“Io sono il marito e tu sei mia moglie, ok? Tieni la bambola”.
“No, facciamo che io sono una veterinaria e non sono la moglie di nessuno”.
In questa dinamica di gioco libero, avvenuta nella mia classe, c’è una manifestazione importantissima: l’autodeterminazione. E’ un diritto inalienabile, che appartiene a ciascuno di noi e che non dovremmo mai dimenticare. E se lo sa Francesca, a cinque anni, allora, è proprio da qui che dovremmo partire. Tra i banchi di scuola, dai bambini e dalle bambine, per progettare un’educazione che aiuti a prevenire la violenza sulle donne.
Nel giorno a livello internazionale si organizzano centinaia di eventi per attirare l’attenzione sulla violenza contro le donne, occorre domandarsi cosa si può fare concretamente per costruire un mondo senza pregiudizi e senza violenza. E’ soprattutto iniziando dalle menti dei più piccoli che le nuove generazioni potranno crescere senza stereotipi. Educare al rispetto, alla conoscenza reciproca, alla condivisione, significa cominciare a porre le basi per formare degli adulti più liberi, più consapevoli e affettivamente maturi.
Per permettere la costruzione di un’alfabetizzazione degli affetti, bisogna puntare ad una vera e propria “competenza amorosa”, che metta, in futuro, i ragazzi, al riparo dalle relazioni violente. Occorre lavorare sulla quotidianità, per la conoscenza delle differenze di genere, per comprendere che queste, non comportano la superiorità di qualcuno a discapito di un altro. Spiegare ai bambini, usando termini semplici e comprensibili, che la violenza non è mai la risposta giusta, nemmeno come reazione ad un’offesa o ad una ingiustizia. Si potrebbe approfondire l’educazione del corpo, della percezione delle differenze fisiche e psicologiche, per arrivare ad una piena consapevolezza di uguaglianza sostanziale, dei diritti e dei doveri.
Le fiabe diventano strumenti preziosi, per comunicare con i più piccoli. In particolare, ci sono le “Fiabe in Rosso”, un progetto a quattro mani, pubblicato nel 2015. E’ una raccolta di fiabe classiche, dei fratelli Grimm o di Andersen, tutte con protagoniste femminili, ma con le trame “riviste”, allo scopo di evidenziarne il valore pedagogico e di critica sociale. Perché ciò che ogni bambino dovrebbe imparare è che il finale della propria storia, il finale della propria vita, non deve essere scontato, non può essere solo uno e, soprattutto, non deve essere deciso da qualcun altro.
La felicità non consiste necessariamente ne trovare il “principe azzurro”, ma nel costruire la propria strada, con sacrifici, coraggio, sconfitte e vittorie.

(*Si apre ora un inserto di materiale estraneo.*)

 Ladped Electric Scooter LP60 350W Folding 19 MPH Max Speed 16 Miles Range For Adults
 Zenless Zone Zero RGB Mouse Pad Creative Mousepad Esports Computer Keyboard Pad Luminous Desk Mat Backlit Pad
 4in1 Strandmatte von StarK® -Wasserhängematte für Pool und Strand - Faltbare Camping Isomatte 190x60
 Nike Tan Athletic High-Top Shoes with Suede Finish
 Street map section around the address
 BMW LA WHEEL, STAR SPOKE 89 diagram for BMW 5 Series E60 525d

Felicità può significare trovare il proprio posto nel mondo. Se vogliamo un cambiamento del sottofondo culturale arcaico, che rende la donna una proprietà, con un destino predeterminato, con un ruolo prestabilito, allora dobbiamo educare ad accettare la libertà di autodeterminazione, che ciascuna persona possiede.
Le storie di cronaca, di femminicidi, di donne violentate, vessate, minacciate, sono spesso intrecciate con il fertile terreno di una cultura miope, che tende a congelare i ruoli sociali. L’educazione alla libertà, all’affettività, all’empatia, all’autodeterminazione, è l’arma più potente che abbiamo, per contrastare fenomeni sociali disfunzionali e pericolosi e per permettere alle bambine di oggi, di diventare donne consapevoli E LIBERE.